2- Courtney Upshaw, DE/OLB, Alabama: Upshaw has convinced me that he can play 4-3 DE or 3-4 OLB. I think he might be a better 3-4 outside linebacker, but he’s got plenty of upside. He might not have ideal measurable and 40 yard dash times, but he is a very strong, powerful player that is fundamentally sound. I wouldn’t bet against Upshaw in the NFL, and I don’t think you should either.

3- Melvin Ingram, DE/OLB, South Carolina: Ingram definitely impressed me this week. I think he can play in both a 4-3 and a 3-4 as well, and should be fine at outside linebacker where I think he might have the most upside. He has an impressive variety of pass rush moves and was all effort this week, taking reps standing up, with his hand in the dirt at DE and even inside at defensive tackle at times in 1 on 1’s.

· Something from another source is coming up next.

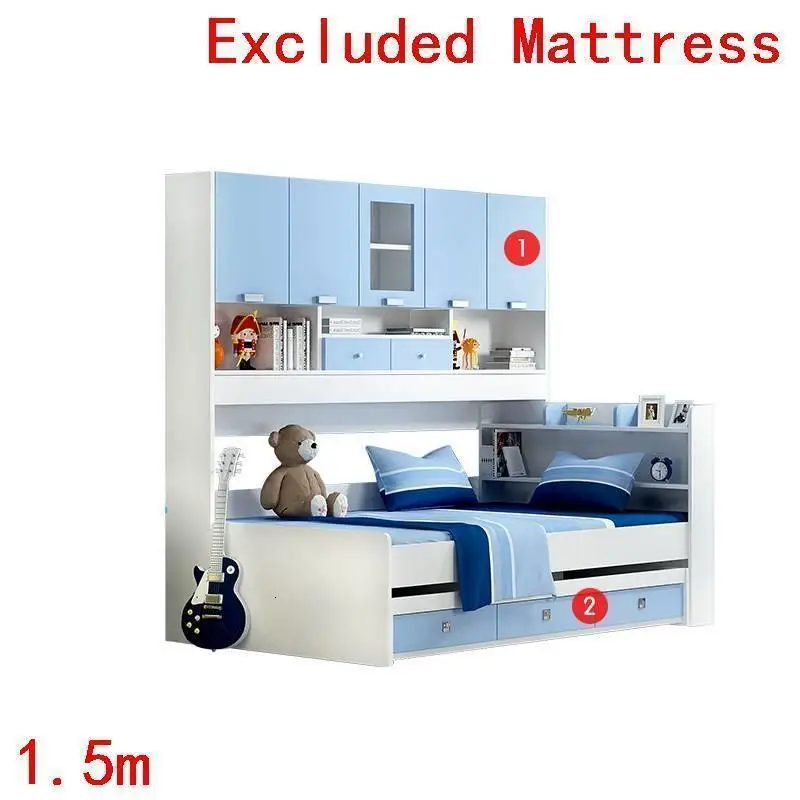 Number 1 Letto Yatak Odasi Moblin Hochbett детское гнездо ранца мебель для спальни Cama Infantil Muebles De Dormitorio деревянная детская кровать - Цвет: Number 1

4- Shea McClellin, DE/OLB, Boise State: McClellin feels like he should be higher on this list, but the three guys ahead of him are potential 1st rounders much like McClellin might end up being. He’s an impressive kid with better speed and pass rushing ability than a lot of people give him credit for. He’s a top 60 pick for sure, may be a top 40 guy when all is said and done.

5- Vinny Curry, DE, Marshall: Curry definitely has upside, and should get a 2nd or 3rd round grade from me after I finish my tape study of him, but he didn’t beat Mike Adams all week and didn’t look overly impressive rushing the passer this week. Once he was engaged he struggled to rush the passer, and while he has size and athletic ability he needs some development.

Defensive Tackles:

1- Mike Martin, DT, Michigan: Martin really impressed me this week. He’s not tall, but he’s very well built and is extremely strong, plus he has natural leverage because of his lack of ideal height. He’s got a terrific motor and very active hands, and just doesn’t stay blocked. He’s going to go higher than a lot of people expect him to.

2- Brandon Thompson, DT, Clemson: Thompson definitely showed his athleticism this week when he beat people off the ball initially with his burst and hand usage. He’s a 2nd round pick in my opinion but he’s got plenty of upside as a 3-tech, and he reminds me a bit of Jonathan Babineaux from the Atlanta Falcons.

3- Kendall Reyes, DT, Connecticut: Reyes weighed in lighter than I was hoping him to, but he’s got plenty of burst and athleticism off the snap. He’s got upside as a pass rusher, and might be able to contribute in a rotation early on in his career in pass rushing situations, but I worry about him versus the run. He can penetrate and get into the backfield, but I think he might get washed out in the run game if he doesn’t get stronger and put on a little weight.

4- Derek Wolfe, DT, Cincinnati: Wolfe came into the week very underrated but he had a strong week all week, showing his versatility to play defensive end or defensive tackle. He projects very well to a 5 technique or to a 3 technique at the next level in my opinion. His versatility will definitely help him on draft day, and he really opened some eyes this week if they hadn’t watched him play much. He may end up with a 3rd or 4th round grade from me once all is said and done. I think he has a future as a NFL starter without a doubt.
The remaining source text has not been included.